If you limit your boolean or data type to one bit then your application is at risk for memory curruption. How do you handle error stats in memory that is only one bit long?
I went to a job interview and one of the statements the program lead said to me was, "When we send the signal to launch a missle we just send a simple one bit on off bit via wireless. Sending one bit is extremelly fast and we need that signal to be as fast as possible."
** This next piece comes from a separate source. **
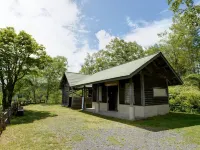 しらびそ高原 天の川 飯田のホテル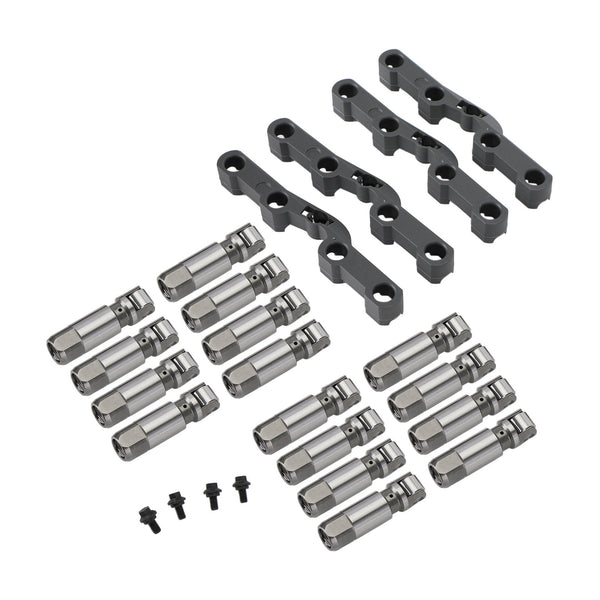 Chrysler 300 Dodge Jeep Ram 1500 5.7L Kit MDS Valve Lifters Traseiro e Dianteiro Genérico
Well, it was a test to see if I understood the concepts and bits, bytes, and error handling. How easy would it for a bad guy to send out a one bit msg. Or what happens if during transmittion the bit gets flipped the other way.
Some embedded compilers have an int1 type that is used to bit-pack boolean flags (e.g. CCS series of C compilers for Microchip MPU's). Setting, clearing, and testing these variables uses single-instruction bit-level instructions, but the compiler will not permit any other operations (e.g. taking the address of the variable), for the reasons noted in other answers.
Note, however, that std::vector<bool> is allowed to use bit-packing, i.e. to store the bits in smaller units than an ordinary bool. But it is not required.